Свобода печати, которой так добиваются, – дело народа, и прежде чем народ (государство) ею не будет обладать, до тех пор и я не могу ею воспользоваться. Но с точки зрения свободы печати как собственности моего я дело обстоит иначе. Если мой народ согласен обойтись без свободы печати, я все же возьму ее себе силой или хитростью: чтобы напечатать что-либо, я испрошу себе дозволения у… себя и у моей силы.

«Если печать – моя собственность, то мне так же мало нужно обращаться для напечатания чего-нибудь за разрешением к государству, как и для того, чтобы высморкаться. С того мгновения, как я для себя выше всего, с того мгновения и печать становится моей собственностью, ибо с этого мгновения прекращается значение государства, церкви, народа, общества и т. д., и только презрению, которое я питал к самому себе, обязаны они своим существованием, а с исчезновением его исчезают и они сами: они существуют лишь тогда, когда стоят надо мной, они существуют лишь как власть и могущество. Или, быть может, вы допускаете, что возможно государство, все обитатели которого не ставили бы его ни во что?»
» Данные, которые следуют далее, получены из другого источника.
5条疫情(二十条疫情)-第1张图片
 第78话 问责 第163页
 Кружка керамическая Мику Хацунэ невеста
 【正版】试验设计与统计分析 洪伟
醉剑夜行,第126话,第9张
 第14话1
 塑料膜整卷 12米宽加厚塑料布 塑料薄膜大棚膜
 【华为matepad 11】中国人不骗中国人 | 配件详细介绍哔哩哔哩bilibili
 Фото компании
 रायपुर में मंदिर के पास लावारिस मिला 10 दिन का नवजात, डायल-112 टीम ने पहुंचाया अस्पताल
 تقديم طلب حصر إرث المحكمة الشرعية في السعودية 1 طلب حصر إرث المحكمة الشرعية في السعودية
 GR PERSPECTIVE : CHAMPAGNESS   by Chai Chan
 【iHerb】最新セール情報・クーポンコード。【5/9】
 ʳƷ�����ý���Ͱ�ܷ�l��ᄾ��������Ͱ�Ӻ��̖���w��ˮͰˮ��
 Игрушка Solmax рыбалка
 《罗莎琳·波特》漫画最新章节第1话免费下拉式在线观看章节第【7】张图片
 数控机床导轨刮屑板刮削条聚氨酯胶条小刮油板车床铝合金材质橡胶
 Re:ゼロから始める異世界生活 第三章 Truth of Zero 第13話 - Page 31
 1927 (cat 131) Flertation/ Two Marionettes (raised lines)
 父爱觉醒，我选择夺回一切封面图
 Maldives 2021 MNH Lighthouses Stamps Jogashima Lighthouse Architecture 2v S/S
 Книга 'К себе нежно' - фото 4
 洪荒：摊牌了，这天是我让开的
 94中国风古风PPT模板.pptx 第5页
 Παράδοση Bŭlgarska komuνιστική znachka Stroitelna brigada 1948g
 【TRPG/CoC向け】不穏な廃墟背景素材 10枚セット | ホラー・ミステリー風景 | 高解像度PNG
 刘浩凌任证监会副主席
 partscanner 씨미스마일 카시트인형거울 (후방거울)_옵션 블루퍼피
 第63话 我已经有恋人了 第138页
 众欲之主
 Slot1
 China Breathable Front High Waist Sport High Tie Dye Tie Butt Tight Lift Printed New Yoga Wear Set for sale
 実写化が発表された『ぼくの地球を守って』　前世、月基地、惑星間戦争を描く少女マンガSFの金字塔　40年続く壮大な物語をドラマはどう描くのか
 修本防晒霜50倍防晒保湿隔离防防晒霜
«Печать принадлежит мне тогда, когда я сам принадлежу только себе, когда я собственник самого себя: эгоисту принадлежит весь мир, ибо эгоист не принадлежит и не подчиняется никакой власти в мире».

«При этом, однако, моя печать может еще не быть свободной, как, например, в данный момент. Но мир велик, и нужно уметь пробиваться в нем, как возможно. Если бы я хотел отказаться от печати как моей собственности, то я мог бы очень легко достигнуть, чтобы всюду печатали все, что ни напишет моя рука. Но я хочу утвердить мою собственность, и потому непременно должен отбиваться от своих врагов. “Но принял ли бы ты их разрешение, если бы оно было тебе дано?” Конечно, с удовольствием: их разрешение было бы доказательством, что я их обманул и повел на путь гибели. Мне важно не их разрешение – важны их глупость и поражение. Я не хлопочу об их разрешении, уговаривая себя, подобно политическим либералам, что мы можем ужиться один подле другого, более того, что мы якобы можем поддерживать друг друга, – нет, я добиваюсь того, чтобы они истекли кровью, дав мне разрешение, чтобы наконец исчезли дающие разрешения. Я поступаю, конечно, как сознательный враг, я пользуюсь своими преимуществами и пользуюсь их опрометчивостью».

«Только тогда печать принадлежит мне, когда я не признаю, прибегая к ее услугам, иных судей, кроме себя самого, то есть когда в моей писательской деятельности я не подчиняюсь ни нравственности, ни религии, ни уважению к законам государства и т. п., а исключительно себе самому и своему эгоизму!»